#### DATA SHOWN

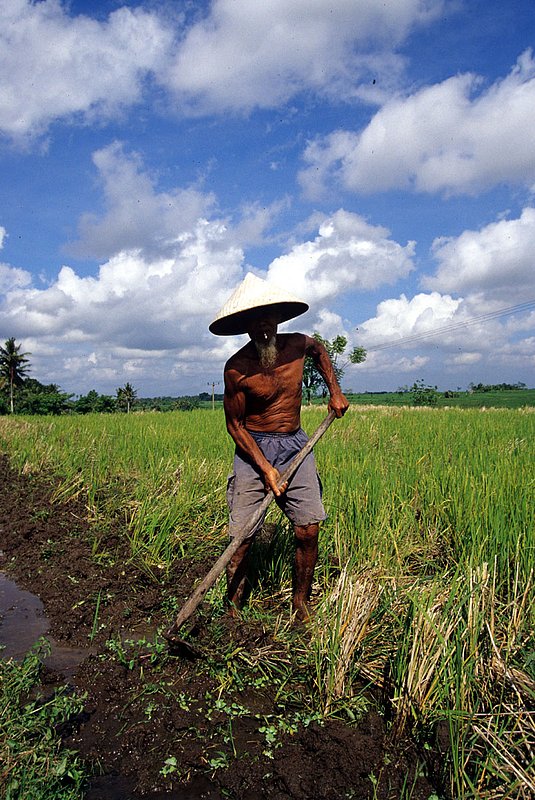 Working the Rice Fields of Bali.jpg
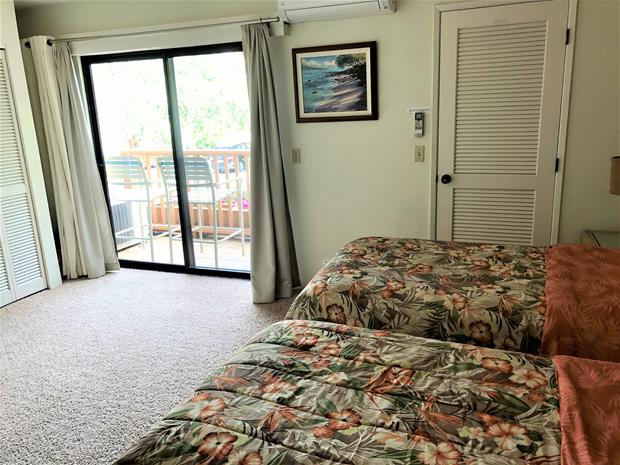 Wailea Condo 969173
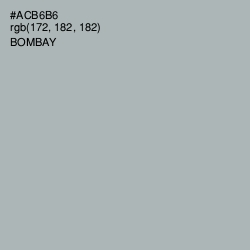 #ACB6B6 - Bombay Color Image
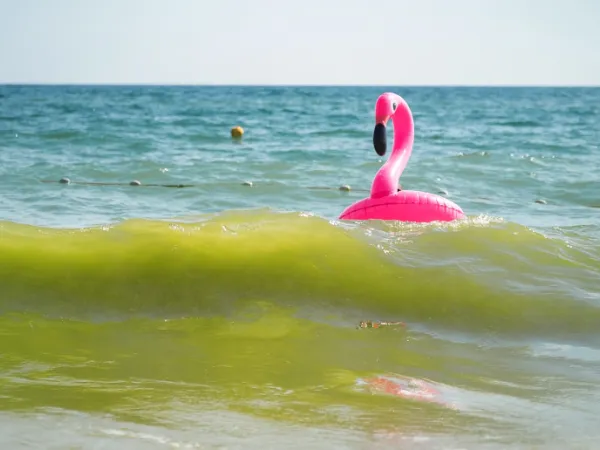 Χαλκιδική: Πεντάχρονος με «φλαμίνγκο» παρασύρθηκε από τα θαλάσσια ρεύματα στο Ποσείδι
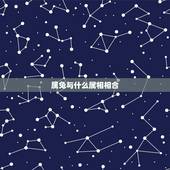 属兔与什么属相相合，属兔的和什么属相相冲不合
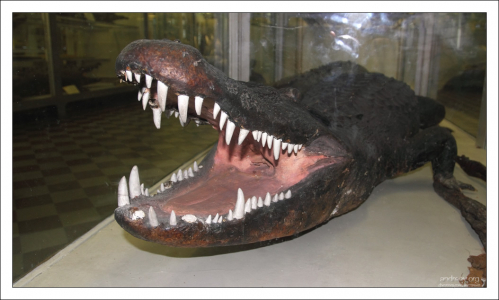 Чучело Американского аллигатора. Зоологический музей.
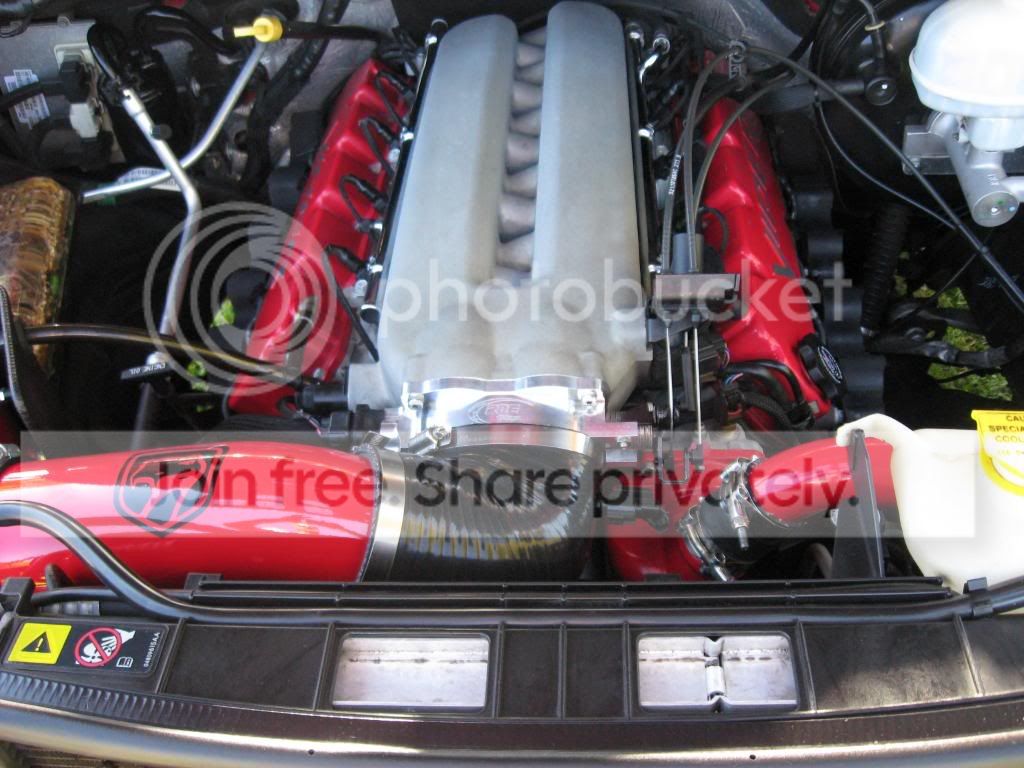 Picture117.jpg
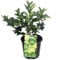 Lima Verde Árbol Natural Citrus Latifolia Planta de Lima Verde Árbol Frutal de Limón Verde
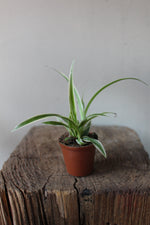 Load image into Gallery viewer, Spider Plant Terrarium
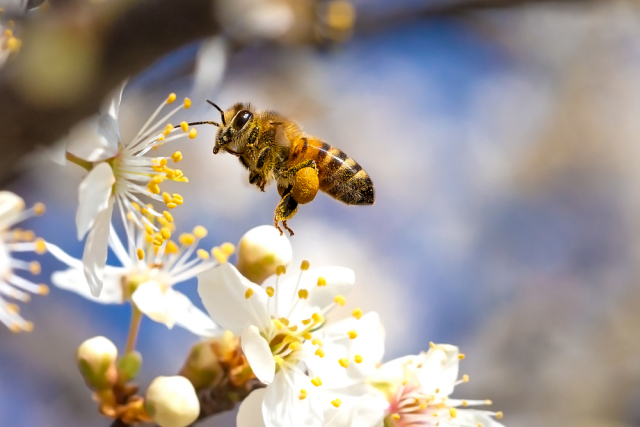 Украина в нынешнем году может остаться без урожая фруктов: во всем виноваты пчелы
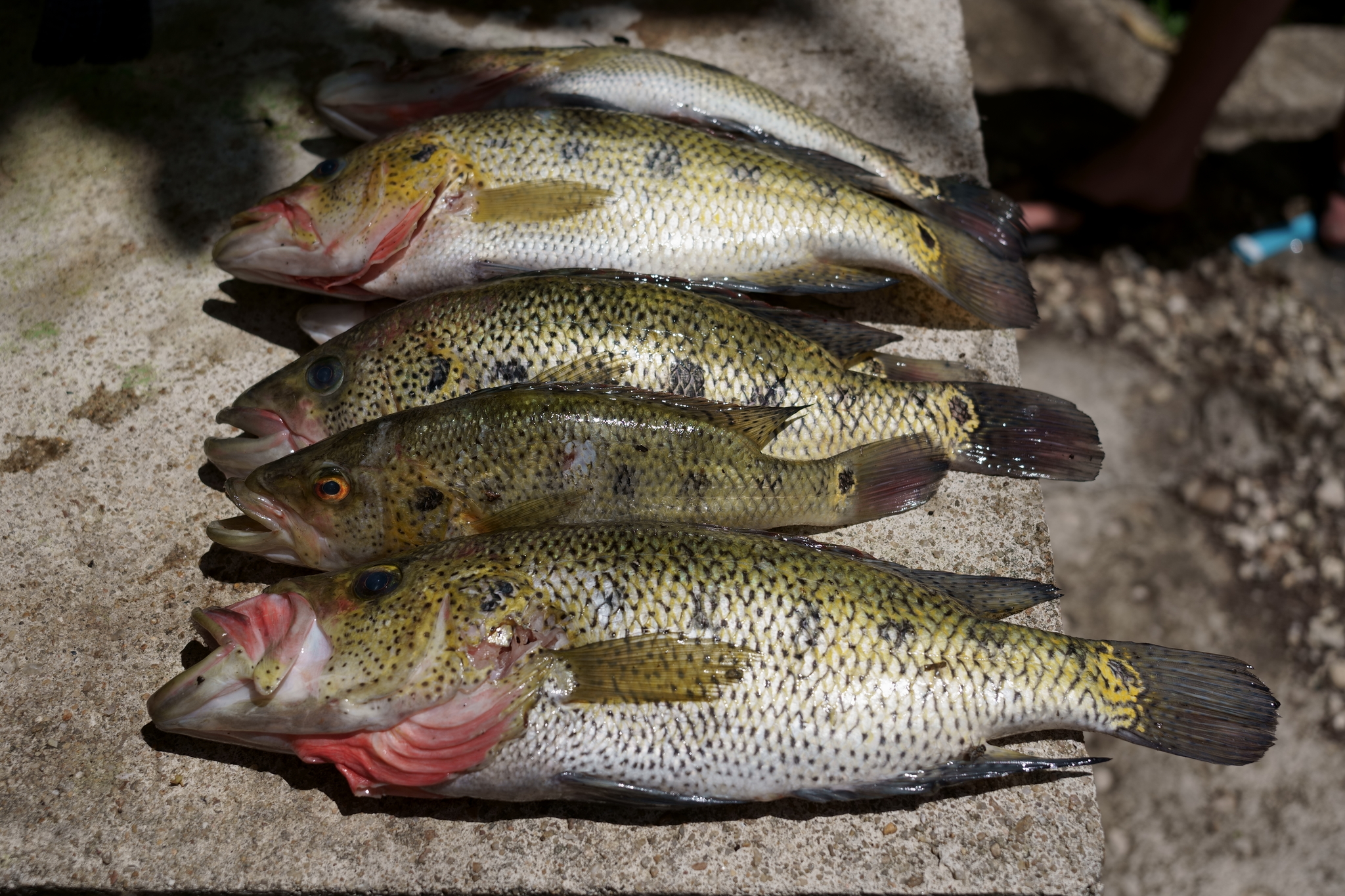 Giant cichlid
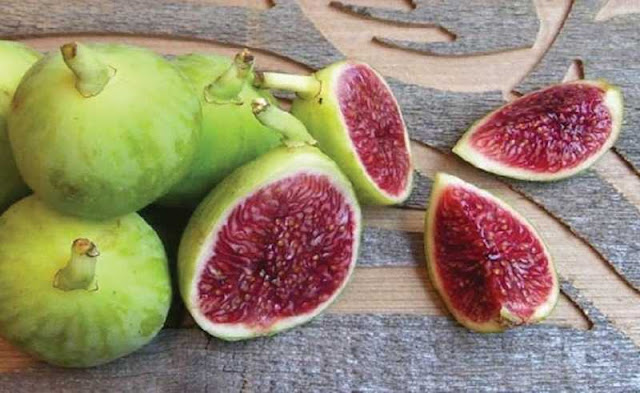 Khasiat Istimewa Buah Tin, Dianggap Buah Surga Karena Ampuh Sembuhkan Berbagai Penyakit Khasiat Istimewa Buah Tin, Dianggap Buah Surga Karena Ampuh Sembuhkan Berbagai Penyakit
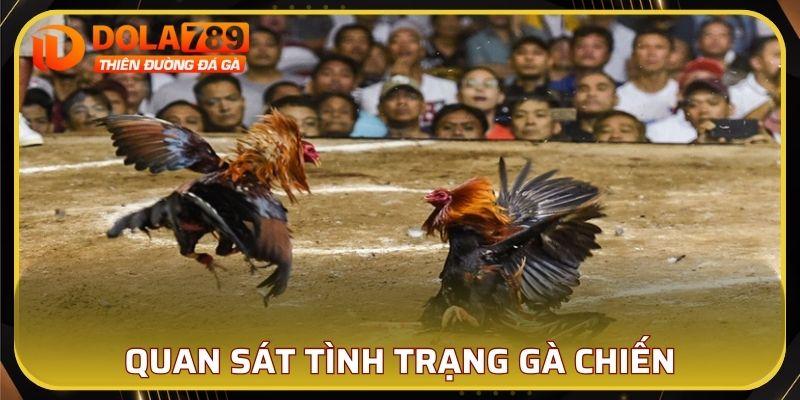 Quan sát tình trạng gà chiến là một trong những chìa khóa quan trọng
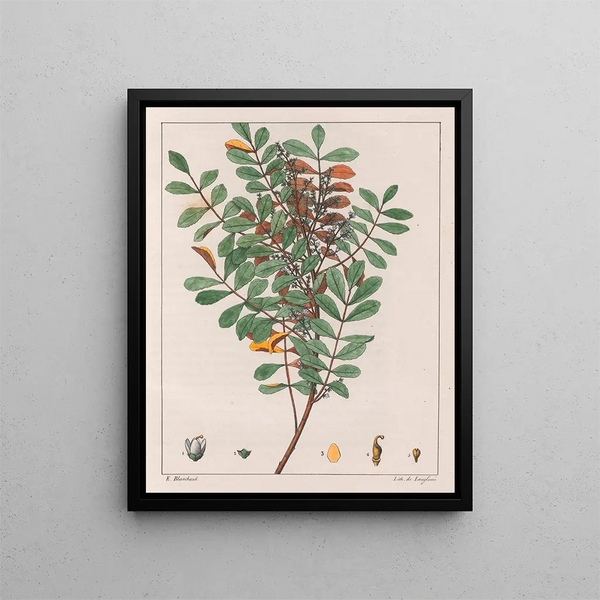Zanthoxylum hyemale - Auguste de Saint-Hilaire — indrammet kunstværk på væggen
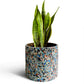 Recycled Riser 320mm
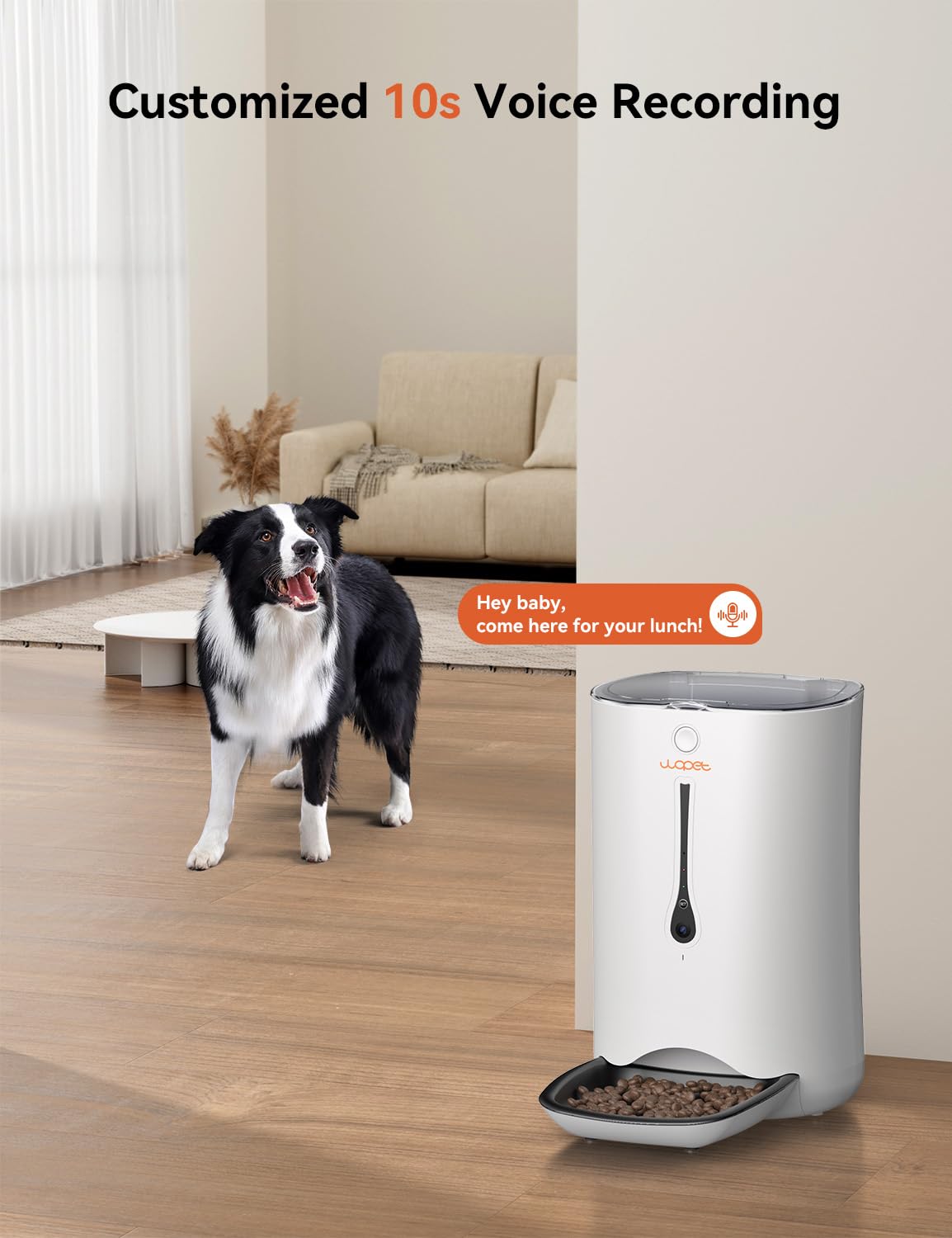 WOPET 7L Automatic Dog & Cat Feeder with HD Camera - 5G WiFi Smart Pet Food Dispenser with Timer, Voice Control & Video Recording - Perfect for Home Monitoring & Pet Care While Traveling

########

• [TASK GOAL]:
Output the material word for word, omitting its pictures.

• [TASK SOLUTION]:
 Working the Rice Fields of Bali.jpg
 Wailea Condo 969173
 #ACB6B6 - Bombay Color Image
 Χαλκιδική: Πεντάχρονος με «φλαμίνγκο» παρασύρθηκε από τα θαλάσσια ρεύματα στο Ποσείδι
 属兔与什么属相相合，属兔的和什么属相相冲不合
 Чучело Американского аллигатора. Зоологический музей.
 Picture117.jpg
 Lima Verde Árbol Natural Citrus Latifolia Planta de Lima Verde Árbol Frutal de Limón Verde
 Load image into Gallery viewer, Spider Plant Terrarium
 Украина в нынешнем году может остаться без урожая фруктов: во всем виноваты пчелы
 Giant cichlid
 Khasiat Istimewa Buah Tin, Dianggap Buah Surga Karena Ampuh Sembuhkan Berbagai Penyakit Khasiat Istimewa Buah Tin, Dianggap Buah Surga Karena Ampuh Sembuhkan Berbagai Penyakit
 Quan sát tình trạng gà chiến là một trong những chìa khóa quan trọng
Zanthoxylum hyemale - Auguste de Saint-Hilaire — indrammet kunstværk på væggen
 Recycled Riser 320mm
 WOPET 7L Automatic Dog & Cat Feeder with HD Camera - 5G WiFi Smart Pet Food Dispenser with Timer, Voice Control & Video Recording - Perfect for Home Monitoring & Pet Care While Traveling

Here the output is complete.